Volume snapshot improvements

https://blueprints.launchpad.net/nova/+spec/volume-snapshot-improvements

This spec covers a few updates to the volume snapshot create and delete operations in the libvirt volume driver. These are needed to fix up some issues in Nova/Cinder related to volume file format handling and API cleanup.

Problem description

Nova does not currently pass enough information back to Cinder when manipulating snapshot files. Cinder needs to keep track of the format of each file (raw, qcow2, vhd, etc.) to maintain security and data integrity. Currently it has to guess about the outcome of a snapshot operation for this information.

Nova currently sends a hard-coded ‘90%’ progress value to indicate a state transition at the end of a snapshot operation. This should be replaced with something more generic that does not overload the progress field.

Use Cases

Deployer: Currently if a user writes a qcow2 header into a volume on certain Cinder volume drives, the volume may be marked as unusable. This work will fix things so that Cinder can avoid having to invalidate volumes in this scenario.

Deployer: Increased (theoretical) security since Cinder doesn’t have to use heuristics for the above check.

Developer: API between Cinder and Nova becomes more clear (no magic progress value)

Project Priority

None.
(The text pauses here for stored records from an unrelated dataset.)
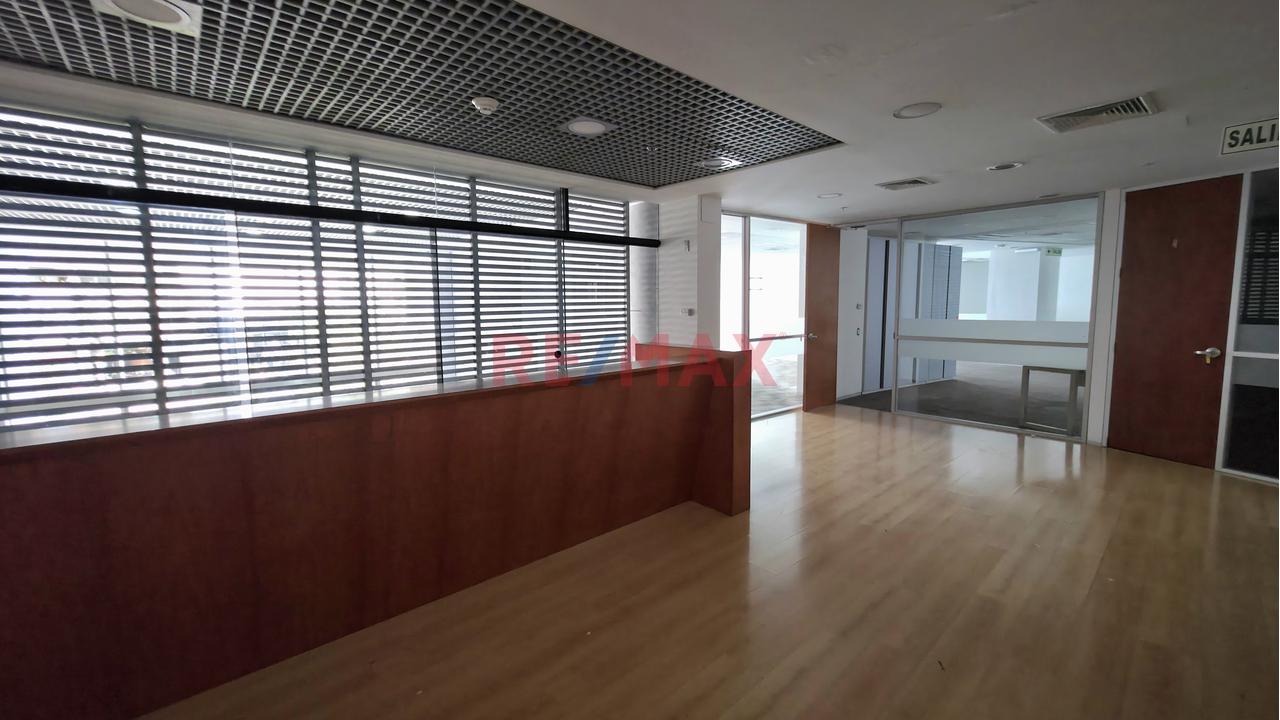 Alquiler Oficina Prime Implementada | San Isidro Empresarial – Basadre — foto 3
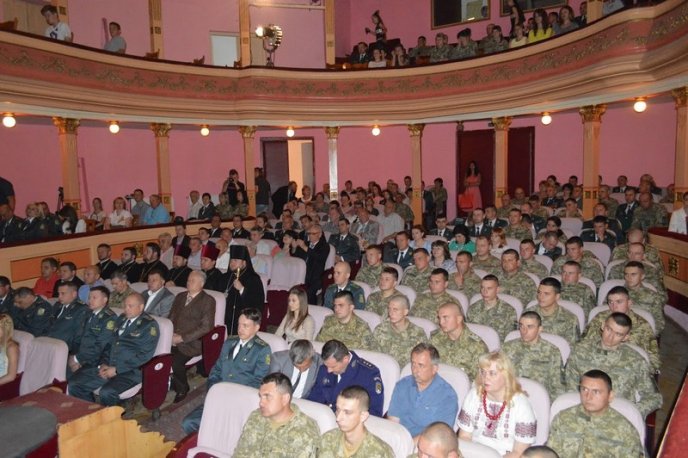 Центр Мукачева заполонила прикордонна техніка – 02 Центр Мукачева заполонила прикордонна техніка – 02
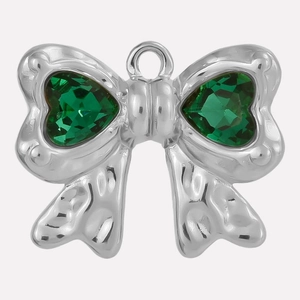 Detail van 304 roestvrijstalen strikhanger met twee groene hartvormige edelstenen erop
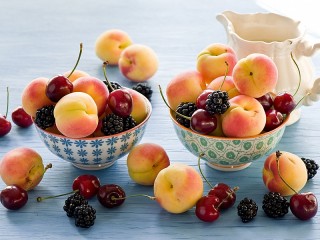 Jigsaw Puzzle «Apricots and berries»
This is primarily a maintainablity/reliability issue.

Proposed change

File format tracking

Each time a volume snapshot create or delete operation occurs, add file format information about the changed files to the status update sent back to Cinder. (This is currently only used in the libvirt volume driver for file-based volume drivers but nothing prevents it from being more general.)

For the libvirt volume driver, this information can be obtained by querying the instance VM’s disk backing chain information via the domain.XMLDesc() output.

For snapshot_create, determine the format of the new file, return this from _volume_snapshot_create() and add a dict such as:: ‘file_format’: { ‘volume-1234.snapshot-abcd’: ‘qcow2’ } to the _volume_update_snapshot_status() call.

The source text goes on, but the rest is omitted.